El ser desbordado por fantasmas: a 69 años de Pedro Páramo
Pedro Páramo (1955), la icónica obra de Juan Rulfo, ha capturado a lectores de generaciones pasadas y lo hará durante las épocas venideras. Su estructura narrativa innovó la literatura mexicana del siglo XX y representó a un país con profundas heridas tras la Revolución. No obstante, se mantiene vigente a través de las múltiples formas con las que evoca los fantasmas de la memoria colectiva y las penas que atormentan un corazón arrepentido.
Con los escenarios desolados, el silencio en la obra y la línea cada vez más difuminada que presenta a personajes vivos y muertos, logra dar voz al diálogo cercano entre la vida y la muerte que caracteriza a la cultura mexicana. Un aporte inmortal de la novela es la descripción de las múltiples dimensiones con las que los fantasmas habitan a una persona, la embrujan como lo harían en una casa o en un pueblo.

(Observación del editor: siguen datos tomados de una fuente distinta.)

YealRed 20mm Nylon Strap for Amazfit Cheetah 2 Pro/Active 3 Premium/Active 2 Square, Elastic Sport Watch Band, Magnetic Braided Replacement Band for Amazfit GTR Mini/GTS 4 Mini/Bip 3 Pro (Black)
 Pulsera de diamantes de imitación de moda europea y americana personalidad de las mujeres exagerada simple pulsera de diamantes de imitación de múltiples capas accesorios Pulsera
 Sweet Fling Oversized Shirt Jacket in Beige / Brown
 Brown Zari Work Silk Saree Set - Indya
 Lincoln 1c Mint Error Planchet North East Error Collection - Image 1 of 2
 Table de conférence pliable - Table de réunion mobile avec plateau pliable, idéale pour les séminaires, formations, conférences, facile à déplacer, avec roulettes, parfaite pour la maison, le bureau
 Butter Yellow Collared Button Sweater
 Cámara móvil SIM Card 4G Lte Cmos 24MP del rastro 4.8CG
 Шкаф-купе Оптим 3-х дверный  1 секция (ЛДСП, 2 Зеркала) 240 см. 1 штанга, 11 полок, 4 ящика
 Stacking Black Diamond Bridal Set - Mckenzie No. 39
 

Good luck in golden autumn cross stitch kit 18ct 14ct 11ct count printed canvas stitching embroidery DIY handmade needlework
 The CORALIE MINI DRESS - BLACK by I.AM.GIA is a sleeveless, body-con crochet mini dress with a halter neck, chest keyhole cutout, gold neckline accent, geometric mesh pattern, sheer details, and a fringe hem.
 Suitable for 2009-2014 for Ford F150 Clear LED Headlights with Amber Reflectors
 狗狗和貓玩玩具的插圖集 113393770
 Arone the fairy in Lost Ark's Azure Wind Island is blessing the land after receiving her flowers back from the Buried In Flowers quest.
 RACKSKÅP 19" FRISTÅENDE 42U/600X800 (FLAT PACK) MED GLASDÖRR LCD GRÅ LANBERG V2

Una casa llena de fantasmas
En Comala, donde transcurren los hechos, los residentes se sumieron en la resignación frente al yugo impuesto por Pedro Páramo, personaje central descrito por su propio hijo ilegítimo, Abundio, como “ese rencor vivo”, después de ser rechazado por Susana San Juan, a quien él amaba. La figura de Páramo, convertida en un cacique opresor, ha marcado la vida de aquellos que habitaron el pueblo, y los condenó a una existencia de silencio y dolor incluso en la muerte.
Una de las pocas personas que logró escapar fue Dolores, quien tuvo un hijo con Pedro Páramo. Aunque estuvo alejada del pueblo, la mujer vivía de recuerdos que la consumían. Sus años posteriores hasta su muerte fueron de evocación y luto a raíz del rechazo que sufrió por parte del cacique, pues fue indiferente tras la partida de su familia.
El niño producto de este desamor, Juan Preciado, creció lejos del rencor de su padre hasta que, en un último deseo, su madre lo envió a Comala a cobrarle caro el olvido a aquel hombre que los dejó durante una vida. En cuanto llegó al pueblo, Abundio sugirió a Preciado pasar la noche en una casa que en el pasado fue una posada.
En el hogar de Eduviges hay muebles de quienes se fueron del pueblo. Las pertenencias son una materialización de las evocaciones que anunciaba Dolores y permitieron traer de vuelta a las ánimas una noche más.
El retorno de los fantasmas a la casa es solo una muestra de cómo habitan en Comala y la forma en que embrujan a quienes lograron salir del pueblo. Son rastros de una humanidad aún arraigada al sufrimiento que dejó la opresión del cacique Pedro Páramo. Voces tan dolientes que por momentos parecen vivas.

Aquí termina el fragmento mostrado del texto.